Oui, il faut bien renoncer à saluer le savoir-faire de ces artistes japonais qui ont, de tous temps, excellé dans la sculpture sur bois en élevant cette matière à la dignité du marbre. Il faut bien renoncer à évoquer la grande figure de la peinture japonaise qu’était l’artiste Sesshiu qui savait peindre même avec les doigts de ses pieds. Il faut bien renoncer à évoquer des œuvres telles que le Manyoshu ou « Livre des dix milles feuilles », abritant 4500 poèmes compilés au VIIIème siècle.
Oui, il faut bien arrêter là cette liste, car on ne peut saisir en quelques mots ces géants que sont les écrivains tels que Mishima, Inoué, Kawabata, Kenzaburu, Tanizaki, ou encore le Nobélisable Haruki Murakami, tous chantres immenses de la tension féconde entre tradition et modernité. Oui, l’immense Junichiro Tanizaki, attaché à saisir non seulement l’épaisseur des sentiments, mais aussi et surtout le flou mordoré qui les entoure dans son magistral opus « L’éloge de l’ombre ».

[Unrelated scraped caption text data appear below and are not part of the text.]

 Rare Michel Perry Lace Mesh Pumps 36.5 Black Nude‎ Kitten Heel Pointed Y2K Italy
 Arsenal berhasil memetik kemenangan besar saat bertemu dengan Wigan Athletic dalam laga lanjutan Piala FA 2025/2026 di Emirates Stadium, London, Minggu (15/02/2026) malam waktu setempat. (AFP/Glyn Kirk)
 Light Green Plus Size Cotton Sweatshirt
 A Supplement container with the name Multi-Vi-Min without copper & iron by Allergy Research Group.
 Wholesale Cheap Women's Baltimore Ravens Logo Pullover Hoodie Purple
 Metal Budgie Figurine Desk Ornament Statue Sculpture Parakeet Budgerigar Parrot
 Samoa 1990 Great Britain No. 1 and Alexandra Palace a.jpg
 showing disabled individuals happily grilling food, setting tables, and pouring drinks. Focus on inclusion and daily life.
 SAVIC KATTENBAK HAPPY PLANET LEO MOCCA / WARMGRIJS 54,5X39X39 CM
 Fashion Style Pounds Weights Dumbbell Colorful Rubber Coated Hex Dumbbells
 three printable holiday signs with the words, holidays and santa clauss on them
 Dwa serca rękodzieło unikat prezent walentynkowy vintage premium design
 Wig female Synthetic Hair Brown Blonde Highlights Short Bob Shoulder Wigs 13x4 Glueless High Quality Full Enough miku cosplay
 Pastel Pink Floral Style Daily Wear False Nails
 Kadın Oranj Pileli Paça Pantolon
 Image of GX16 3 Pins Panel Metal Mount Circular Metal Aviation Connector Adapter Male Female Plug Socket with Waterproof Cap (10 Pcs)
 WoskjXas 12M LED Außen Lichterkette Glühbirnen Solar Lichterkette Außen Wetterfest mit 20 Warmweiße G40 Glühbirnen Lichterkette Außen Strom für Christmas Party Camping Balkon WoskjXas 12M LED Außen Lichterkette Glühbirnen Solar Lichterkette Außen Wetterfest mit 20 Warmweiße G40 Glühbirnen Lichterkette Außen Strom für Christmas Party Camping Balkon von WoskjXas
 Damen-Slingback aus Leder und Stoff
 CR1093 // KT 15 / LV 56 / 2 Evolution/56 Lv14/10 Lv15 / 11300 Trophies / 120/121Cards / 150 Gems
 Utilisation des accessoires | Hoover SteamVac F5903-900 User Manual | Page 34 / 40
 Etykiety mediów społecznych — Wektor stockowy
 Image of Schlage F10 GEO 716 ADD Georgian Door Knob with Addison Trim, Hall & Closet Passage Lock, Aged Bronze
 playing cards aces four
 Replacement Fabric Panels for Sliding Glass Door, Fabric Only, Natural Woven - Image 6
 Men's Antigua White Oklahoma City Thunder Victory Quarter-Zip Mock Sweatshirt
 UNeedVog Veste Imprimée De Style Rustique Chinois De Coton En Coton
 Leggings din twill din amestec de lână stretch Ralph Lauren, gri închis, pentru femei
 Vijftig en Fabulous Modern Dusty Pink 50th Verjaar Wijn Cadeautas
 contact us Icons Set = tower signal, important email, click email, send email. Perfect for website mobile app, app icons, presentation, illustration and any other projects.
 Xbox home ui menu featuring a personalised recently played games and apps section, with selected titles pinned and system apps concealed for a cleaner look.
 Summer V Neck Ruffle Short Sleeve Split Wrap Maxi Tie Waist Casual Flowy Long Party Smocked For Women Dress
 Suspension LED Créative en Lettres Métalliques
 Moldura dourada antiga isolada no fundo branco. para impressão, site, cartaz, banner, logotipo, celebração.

La « construction immatérielle » de l’âme nipponne à laquelle j’ai osé me livrer, moi profane plus profane que les profanes, mérite plus que ces trop fuyants atomes de minutes et de secondes, dérisoires poussières de temps. Mais, secouru par un proverbe japonais, je dirai, en forme d’excuse et de regret que « les mots que je n’ai pas prononcés sont les fleurs du silence ».
Comptant sur votre indulgente bienveillance à tous, je voudrais me persuader que mon survol téméraire, en forme de voyage trop fugace, à travers une partie infime de la richesse du patrimoine culturel immatériel du pays hôte, constituera malgré tout, une inspiration et un stimulant pour nous tous, à l’effet d’entamer dans l’enthousiasme nos travaux avec l’ambition de parvenir à poser les jalons qui baliseront le chemin d’une véritable action de sauvegarde du patrimoine culturel mondial.
En préservant et chérissant son patrimoine immatériel, chaque peuple, pourtant bien ancré dans sa temporalité, est gagné par l’ivresse de s’évader hors du temps tout en restant au cœur de son existence quotidienne. Il se trouve ainsi au mieux de son âme pour goûter, comme dit Françoise Sagan, « le lait de la tendresse humaine »(1), dans la fraternelle solidarité nationale.
Aussi bien, peut-on se réconforter au moment de conclure. Nous avons, vous et moi, la certitude que le meilleur des séjours, par delà les tourments inhérents à l’humaine condition, se trouve dans l’homme. Ultime paradoxe dont vous assurez continûment une vibrante et passionnante représentation. Dans l’histoire de l’homme, il y a fort à parier que l’avenir se trouve dans le savoir-vivre des êtres humains qui restent fidèles à ce qu’ils sont. C’est cela la formidable intelligence des fils de la « terre céleste » nipponne. Intelligence obstinée qui refuse de faire oublier que chacun de nous est d’abord un fils, ensuite un père. C’est ainsi que, par-delà les vicissitudes de l’Histoire, se consolide la mission des bâtisseurs d’éternité.
( 1). Sagan, Françoise : « Des yeux de soie », Paris, Flammarion, 1975, p. 72.